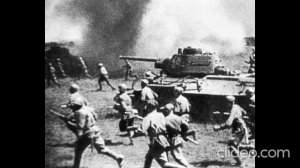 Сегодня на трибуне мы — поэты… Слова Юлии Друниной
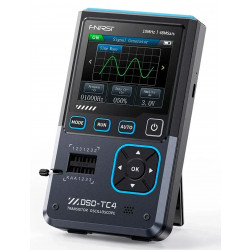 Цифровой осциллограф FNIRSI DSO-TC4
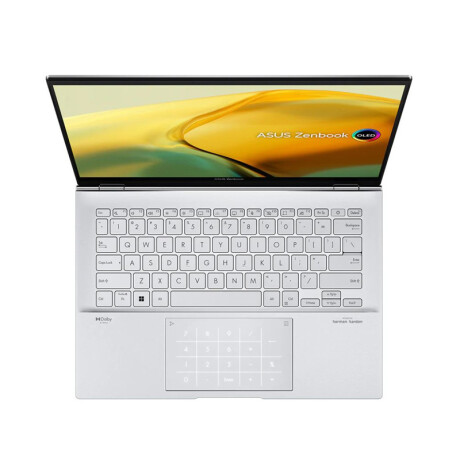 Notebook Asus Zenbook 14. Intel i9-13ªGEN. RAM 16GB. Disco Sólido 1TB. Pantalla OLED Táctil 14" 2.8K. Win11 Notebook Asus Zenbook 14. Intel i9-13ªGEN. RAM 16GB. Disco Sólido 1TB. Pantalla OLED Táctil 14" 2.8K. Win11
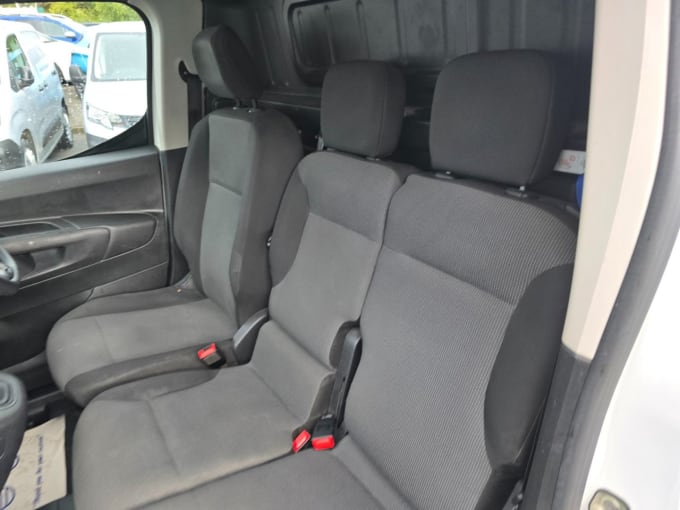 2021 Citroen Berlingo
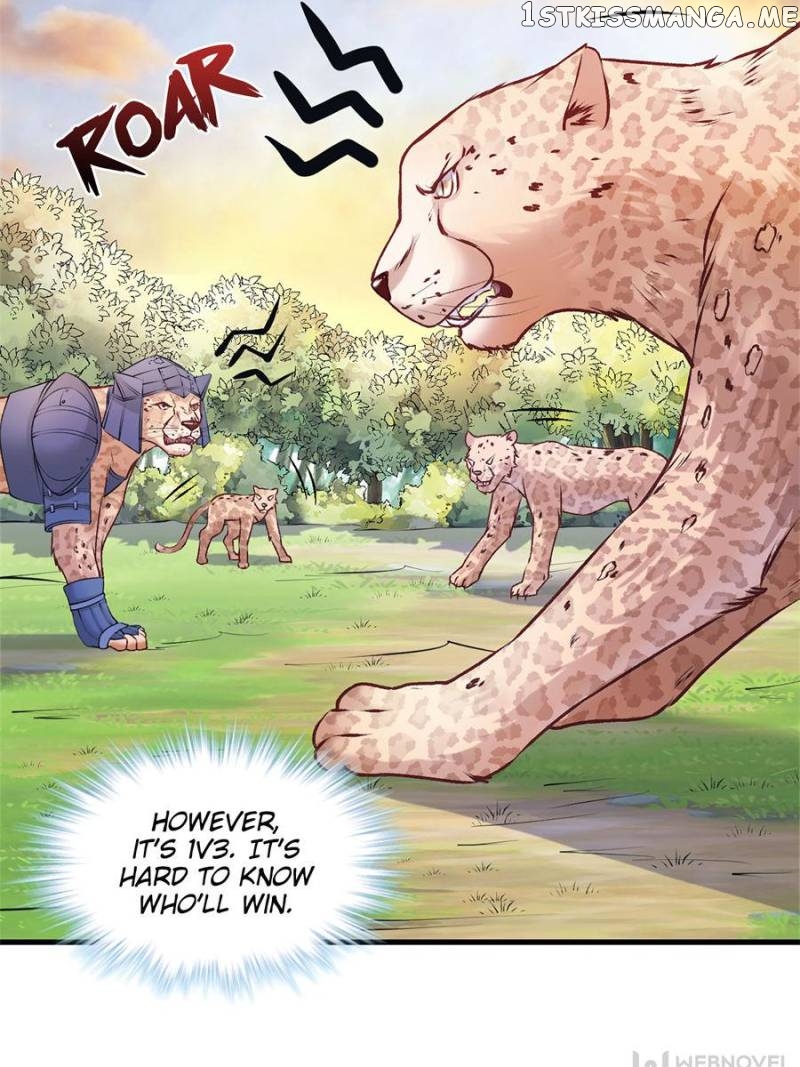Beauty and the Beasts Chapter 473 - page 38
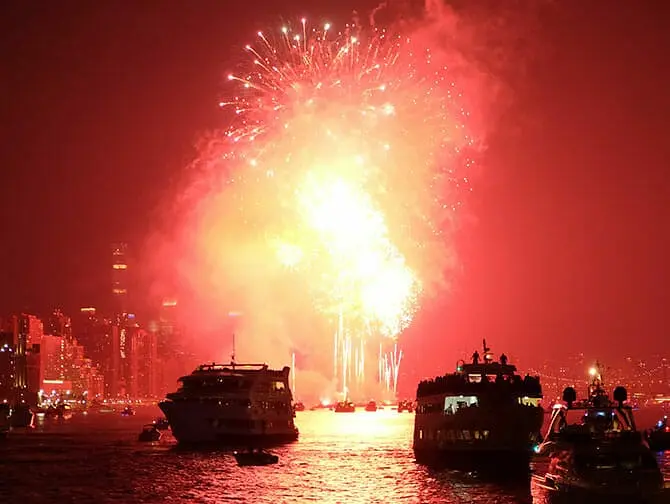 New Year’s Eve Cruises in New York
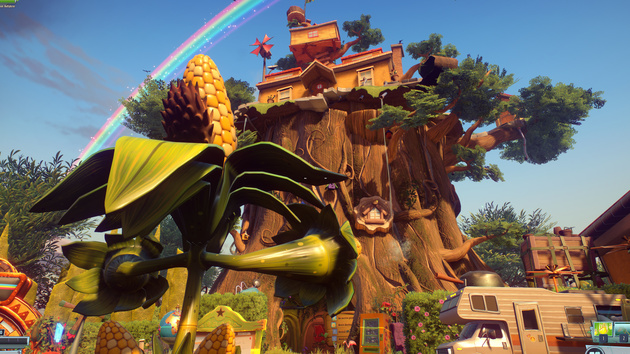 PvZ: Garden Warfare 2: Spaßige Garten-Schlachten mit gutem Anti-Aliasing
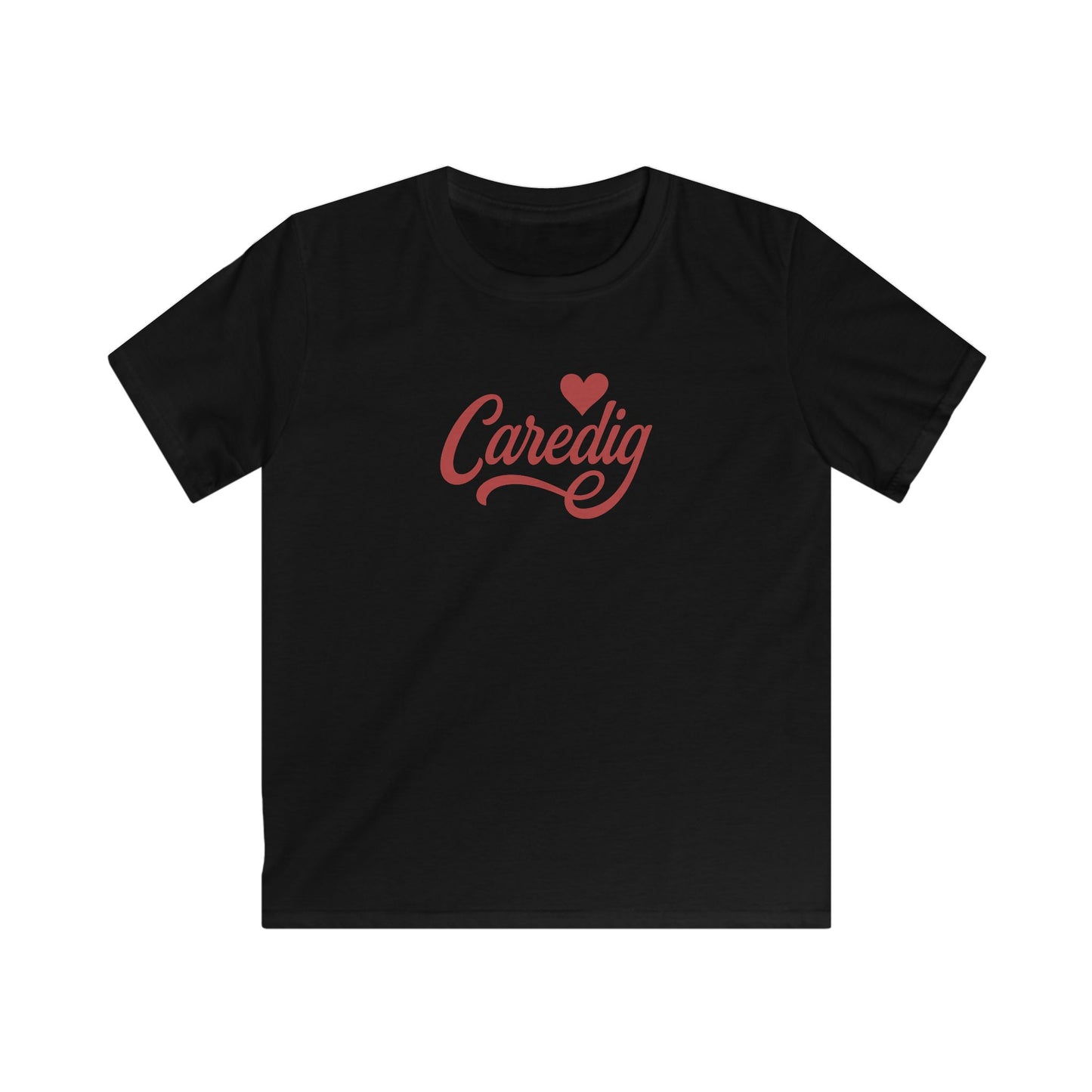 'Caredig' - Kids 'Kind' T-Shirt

※ ※ ※

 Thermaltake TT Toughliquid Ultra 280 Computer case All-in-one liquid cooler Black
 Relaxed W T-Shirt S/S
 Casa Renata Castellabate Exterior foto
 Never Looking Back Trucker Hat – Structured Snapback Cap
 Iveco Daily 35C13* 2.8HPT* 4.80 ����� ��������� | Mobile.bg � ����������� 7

※ ※ ※

Activity:
Excerpt from the records above: set down only the lines from the one that contains "Сегодня на трибуне" through the one that contains "Kids 'Kind' T-Shirt", inclusive, word for word. Pictures stay out.

Result for this task:
 Сегодня на трибуне мы — поэты… Слова Юлии Друниной
 Цифровой осциллограф FNIRSI DSO-TC4
 Notebook Asus Zenbook 14. Intel i9-13ªGEN. RAM 16GB. Disco Sólido 1TB. Pantalla OLED Táctil 14" 2.8K. Win11 Notebook Asus Zenbook 14. Intel i9-13ªGEN. RAM 16GB. Disco Sólido 1TB. Pantalla OLED Táctil 14" 2.8K. Win11
 2021 Citroen Berlingo
Beauty and the Beasts Chapter 473 - page 38
 New Year’s Eve Cruises in New York
 PvZ: Garden Warfare 2: Spaßige Garten-Schlachten mit gutem Anti-Aliasing
 'Caredig' - Kids 'Kind' T-Shirt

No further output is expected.